Record-keeping - The standard requires the maintenance of training records and medical records. Each covered employee is to have a medical record that may be kept at the workplace or by the physician who provides vaccination and exposure evaluation services to the office employees. These records are to contain the hepatitis B vaccination status - the date of the vaccination, the written opinion from the health-care professional regarding the vaccination or the vaccination declination statement signed by the employee. These records also are to contain documentation of any exposure incidents involving the employee, including results of examinations, medical testing and follow-up procedures, the evaluating physician`s written opinion and a list of the information provided to the physician.

No part of the medical record is to be disclosed except to the employee, anyone having written consent of the employee or as permitted by state or federal law. These medical records are to be kept for 30 years past the employee`s last date of employment.

Training records are to document each training session and must be kept for three years. They are to include the date of training, an outline of the content, the trainer`s name and qualifications and names and job titles of the employees trained.

If an employer ceases to do business, the medical and training records are transferred to the new employer. If there is no new employer, the Director of the National Institute for Occupational Safety and Health, U.S. Department of Health and Human Services is to be contacted for directions regarding the disposition of the records at least three months prior to their intended disposal.
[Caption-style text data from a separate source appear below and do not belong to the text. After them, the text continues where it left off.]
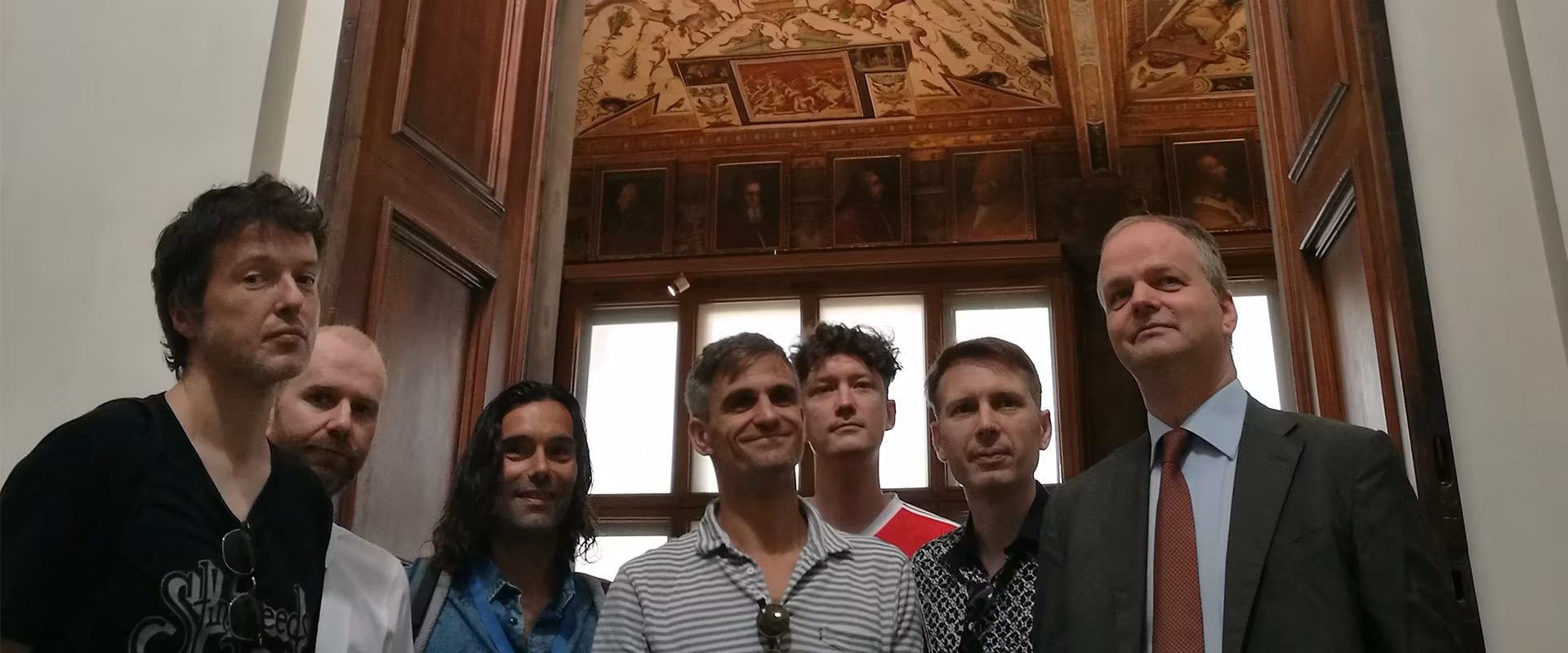 Rockstar invadono Uffizi, in Galleria Franz Ferdinand e Ben Harper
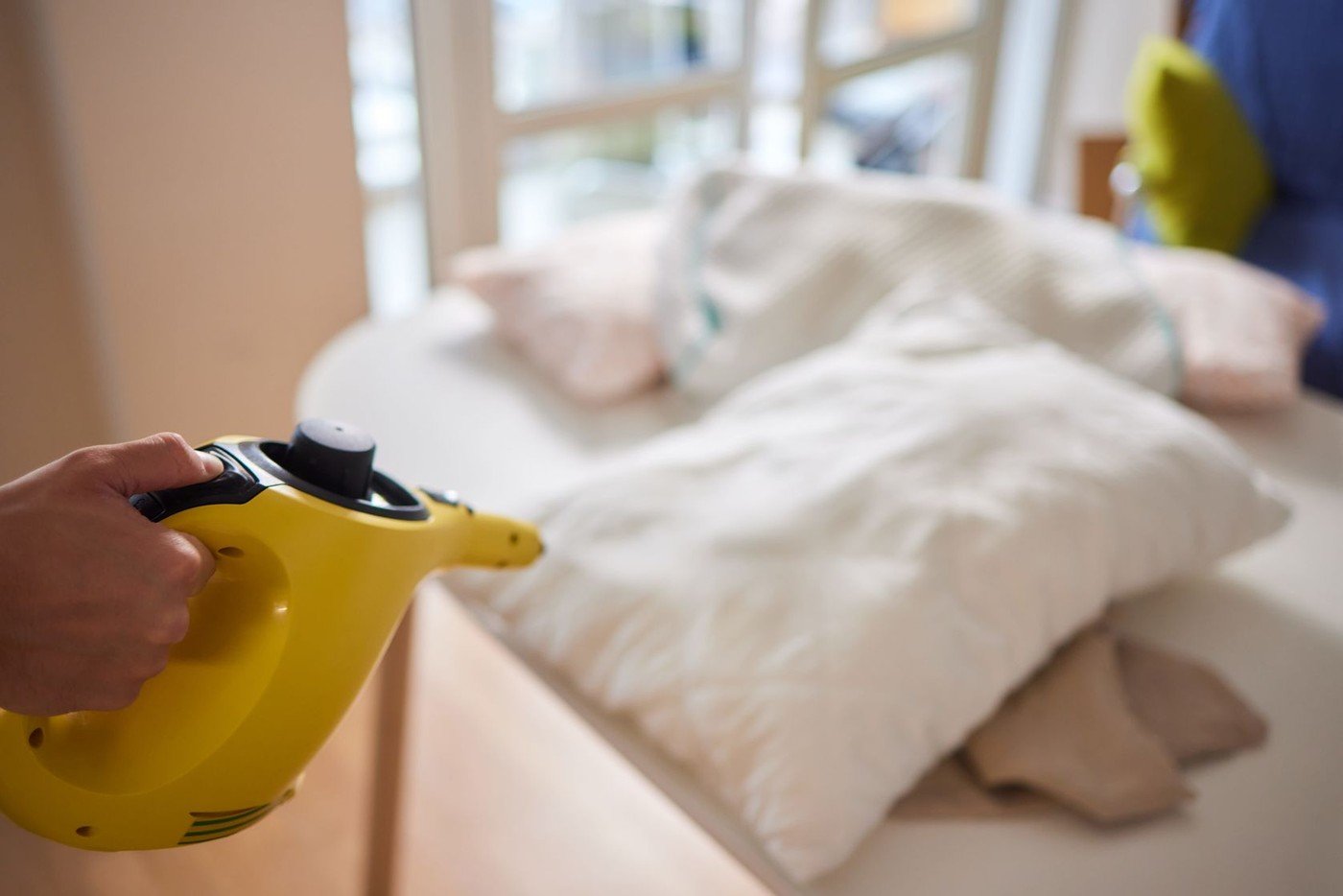 Cât de des trebuie să îți speli pernele pentru un somn mai sănătos? Răspunsul experților a fost clar și contează mai mult decât ai crede pentru calitatea odihnei și sănătatea ta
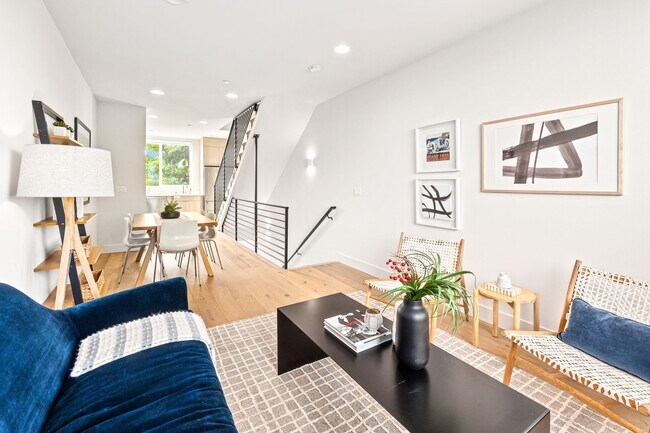 Foto del edificio - Wallingford Townhome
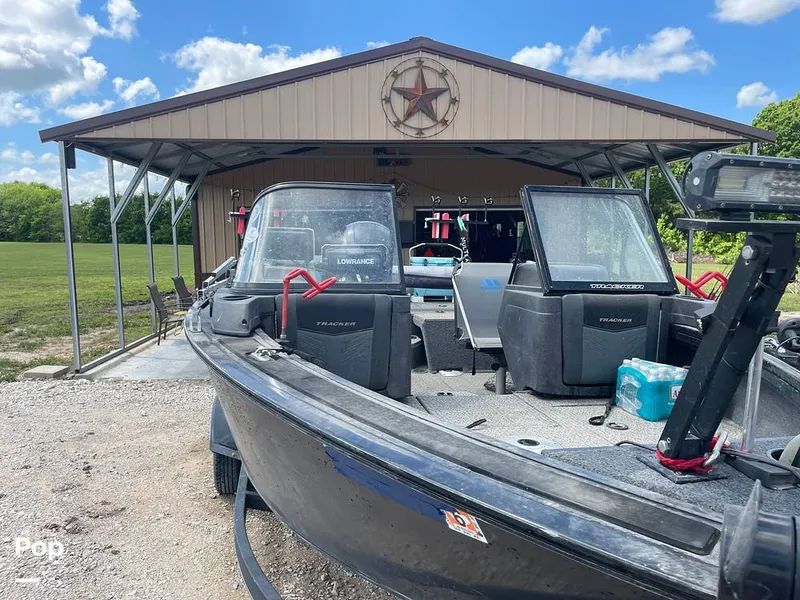 Slide: The Image of Tracker Targa V19 WT 2022 - 16332880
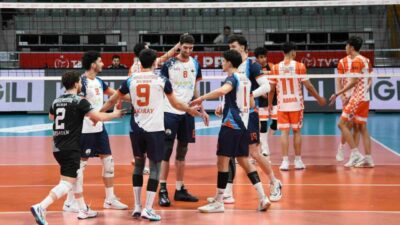 Osmangazi Belediyespor, Erkekler Voleybol 1. Ligi’nde karşılaştığı 1954 Adanaspor’u 3-0’lık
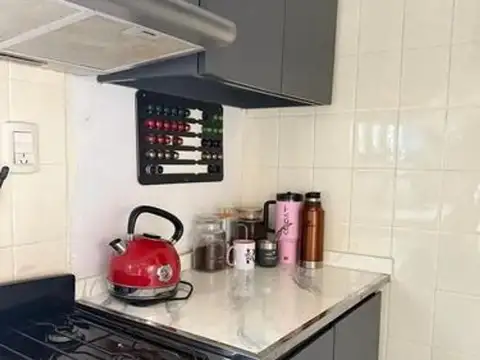 CASA EN VENTA + DPTO. 3 AMBIENTES - MORON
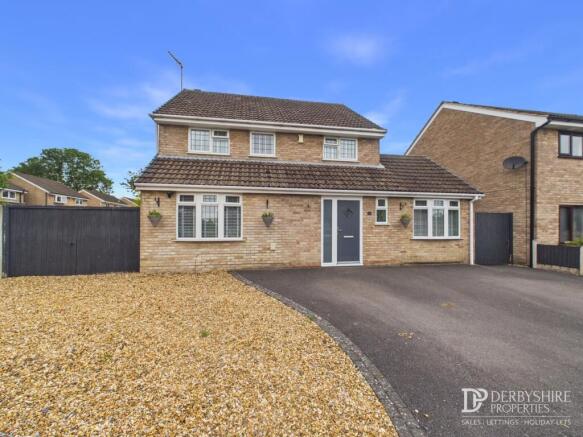 4 bed property, in Hampton Close, £400,000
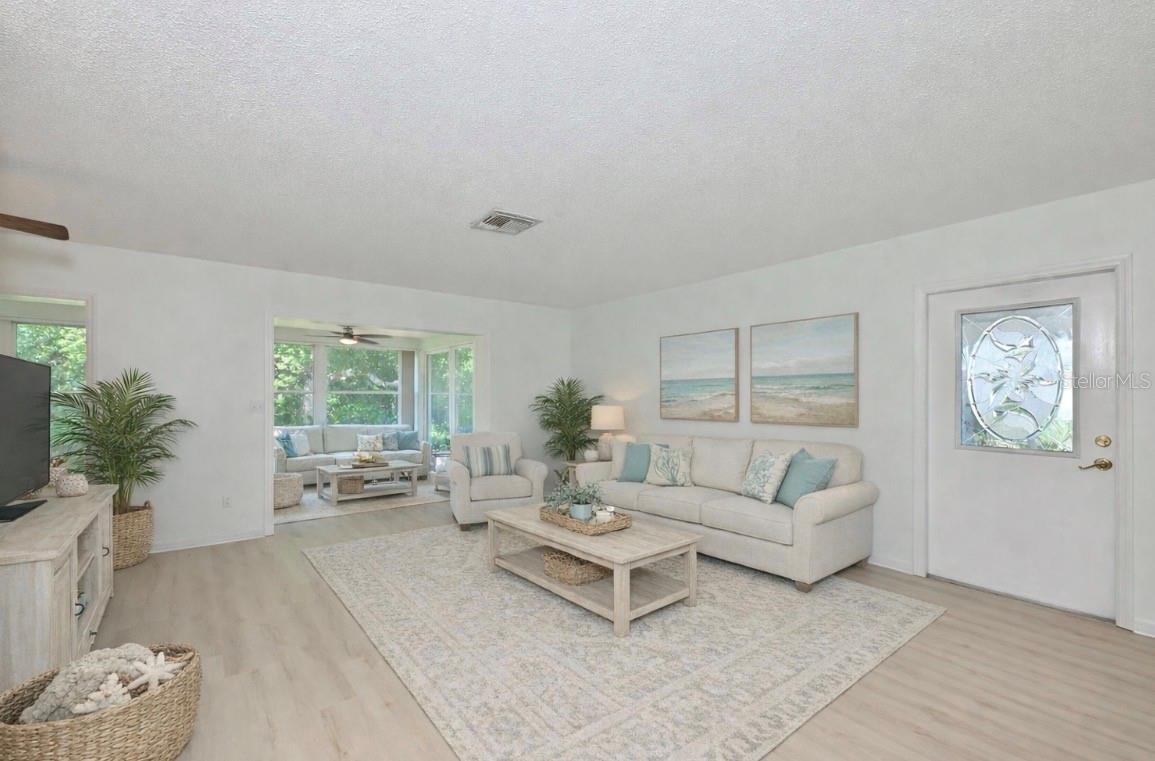 511 FINSBURY CIR #B, SUN CITY CENTER, FL, 33573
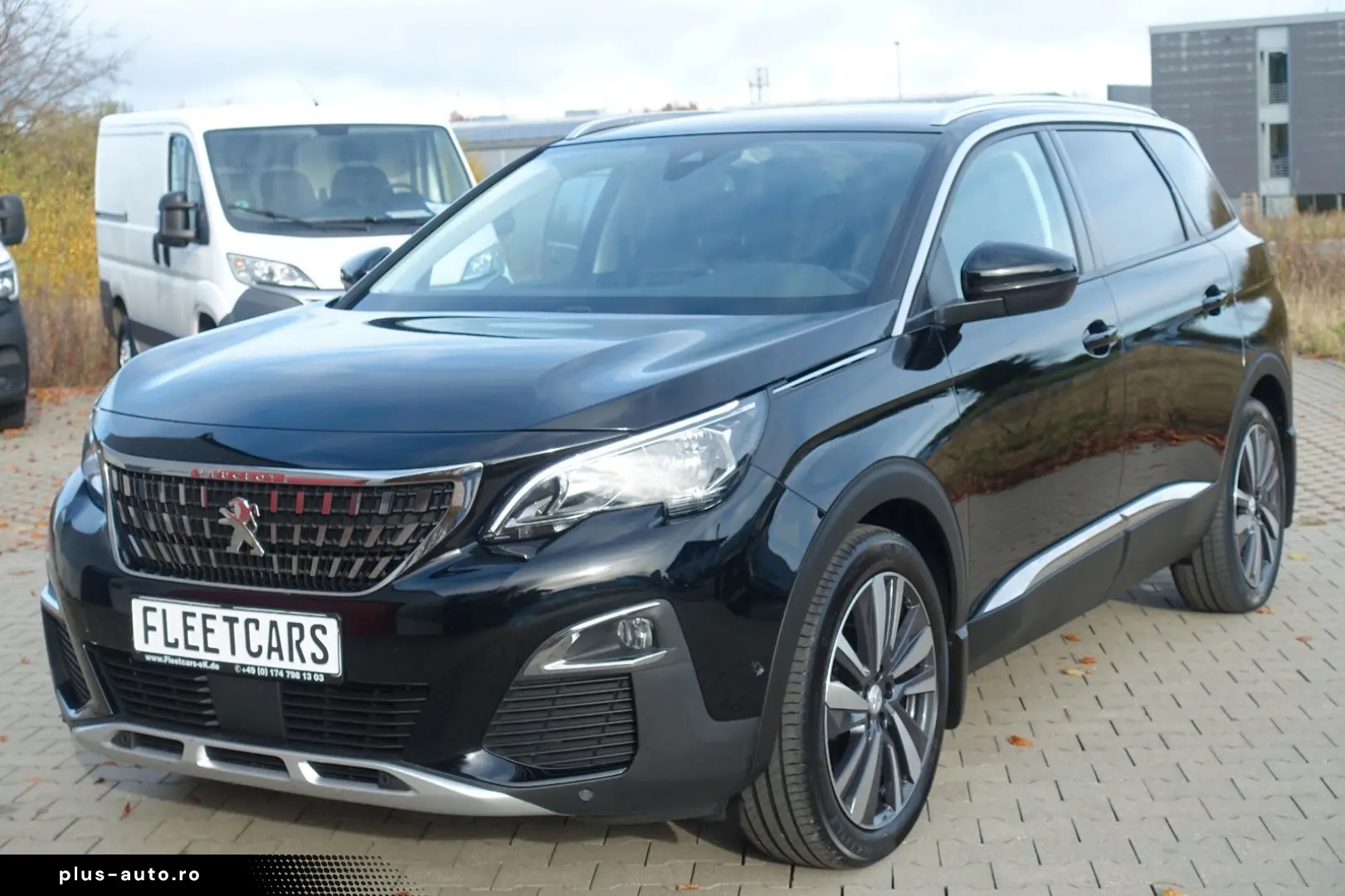 PEUGEOT 5008 Allure 1.5 Blue HDI -Einparkhilfe -7 Sitzer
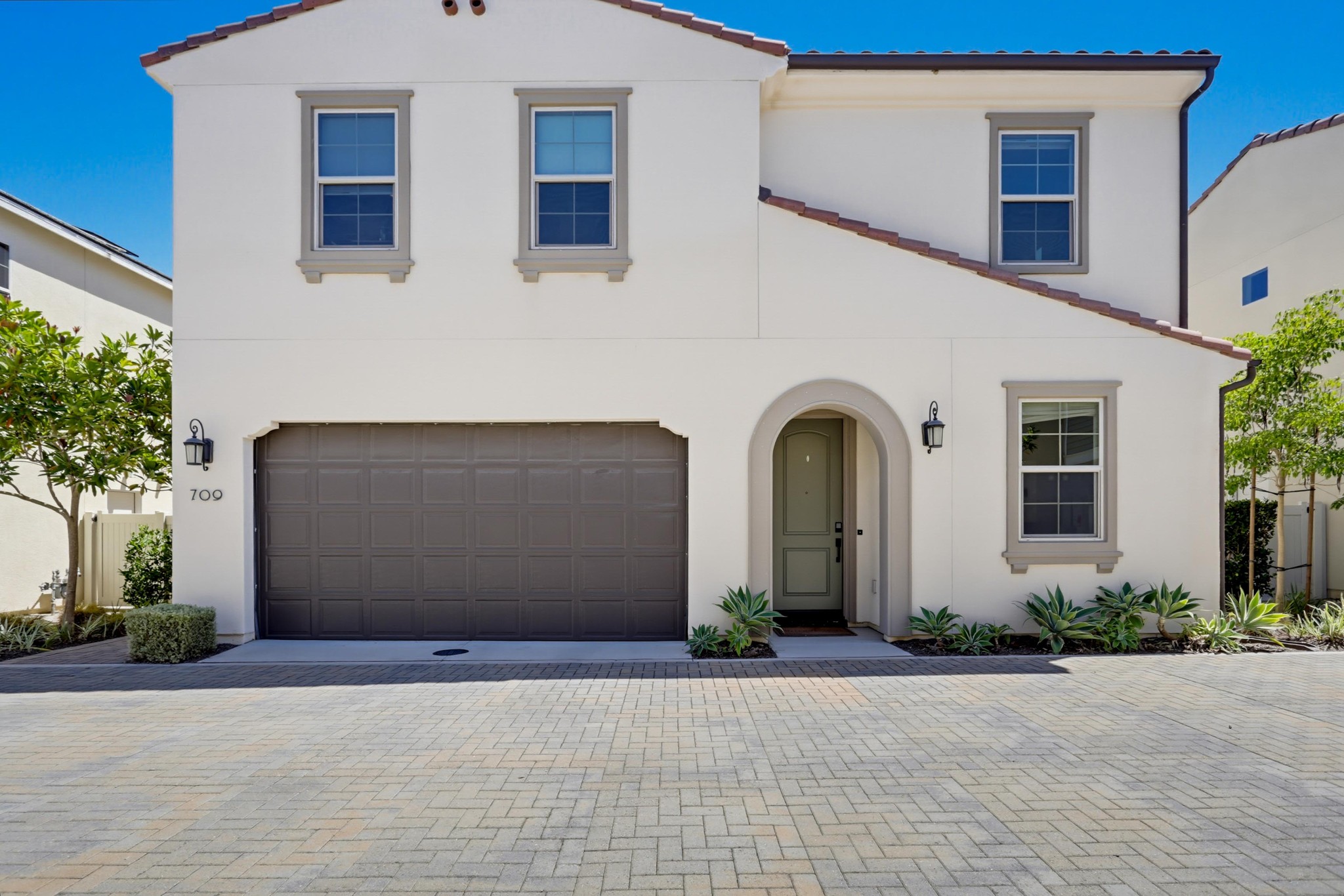 Virtual tour photo 3 of 46 for 709 Merit Dr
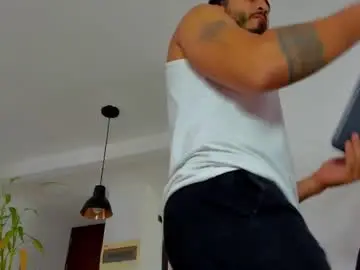 Chaturbate Free Porn Cam of klinsmannwalton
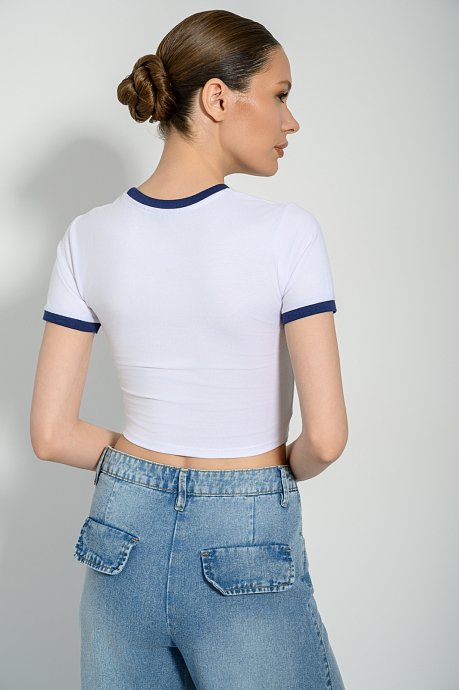 Κροπ t-shirt με τύπωμα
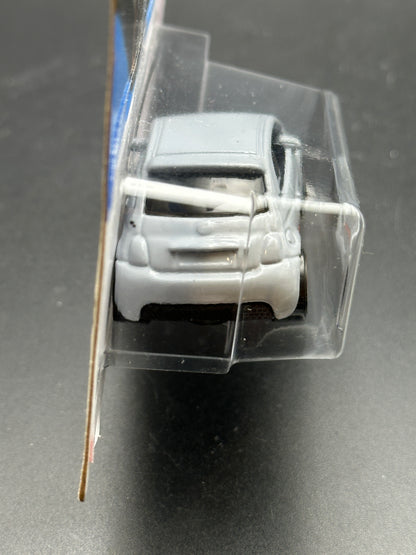 HOT WHEELS - FIAT 500e (2024) - COMPACT KINGS 2/5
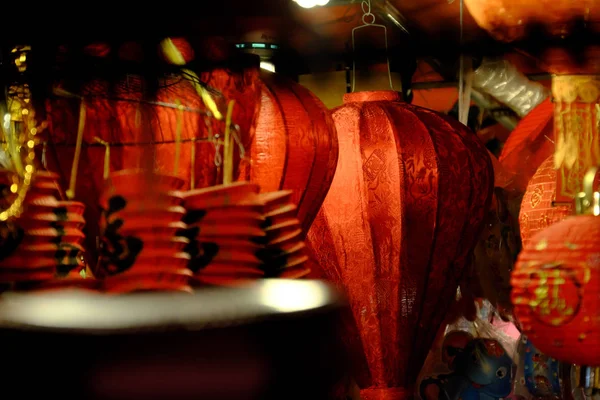 关闭红灯笼在灯笼街 胡志明市 — 图库照片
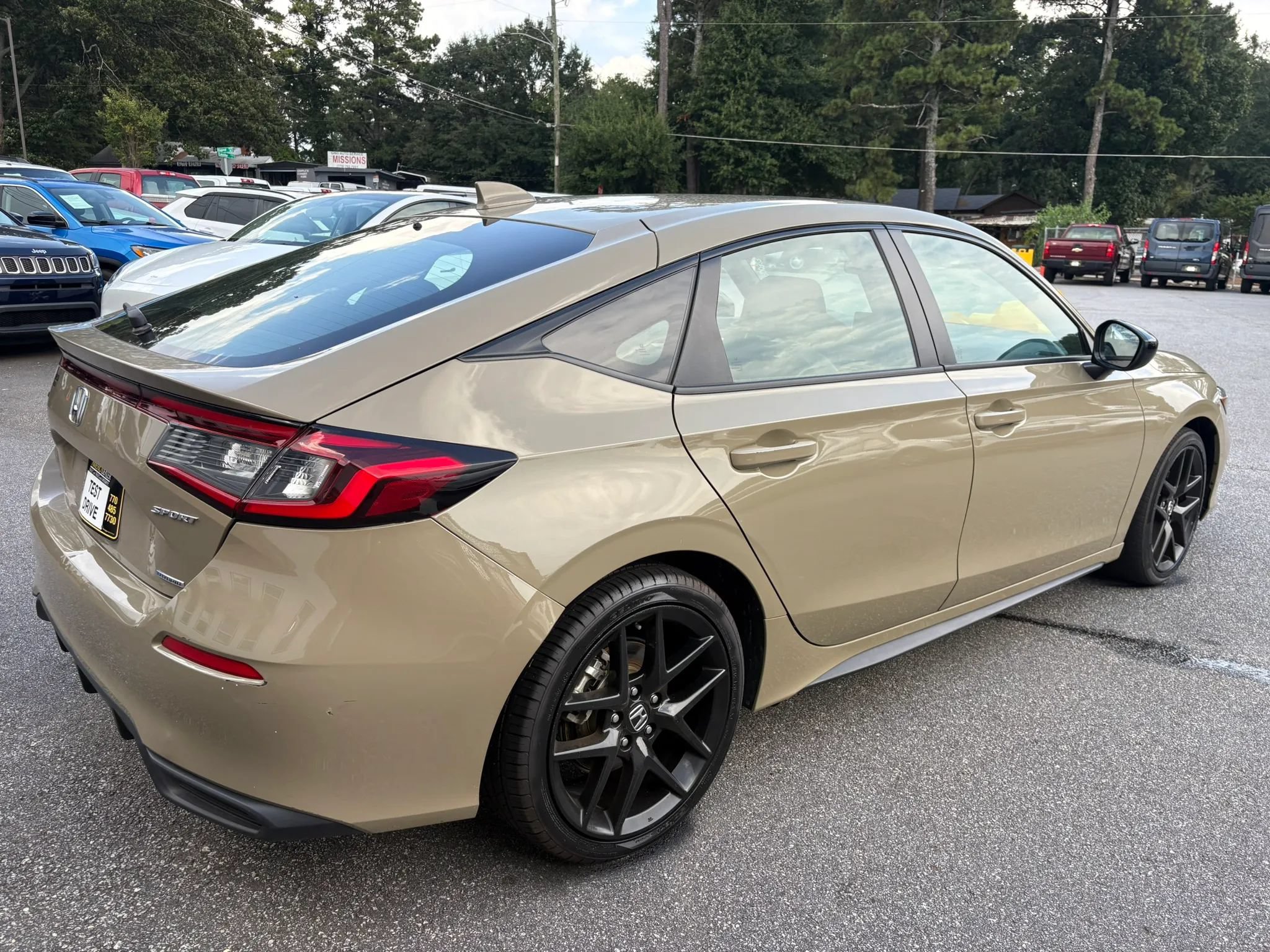 Used 2025 Honda Civic Sport image 15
In summary, a review of the OSHA rules presented in the last two issues of RDH should serve as a check-up on the current state of disease-prevention procedures in your office.

Chris Miller is director of Infection Control Research and Services and professor of oral biology at Indiana University.

Contents of OSHA training

- An accessible copy of the regulatory text of the standard and an explanation of its contents.

- A general explanation of the epidemiology and symptoms of bloodborne diseases.

- An explanation of the modes of transmission of bloodborne pathogens.

- An explanation of the employer`s written Exposure Control Plan and how to obtain a copy.

- An explanation of the appropriate methods of recognizing tasks and other activities that may involve exposure to blood or saliva.

- An explanation of the use and limitations of methods that will prevent or reduce exposure, including appropriate engineering controls, work practices and personal protective equipment.

- Information on the types, proper use, location, removal, handling, decontamination and disposal of personal protective equipment.

- An explanation of the basis for selection of personal protective equipment.

- Information on the hepatitis B vaccine as described above.

- Information on the appropriate actions to take and the persons to contact in an emergency involving blood/saliva.

- An explanation of the procedures to follow in the event of an exposure incident including the method of reporting the incident and the medical follow-up that will be made available.

- Information on the post-exposure evaluation and the medical follow-up that will be made available.

- An explanation of the signs and labels and/or color-coding used to identify biohazards.

- A question and answer session over any aspect of the training.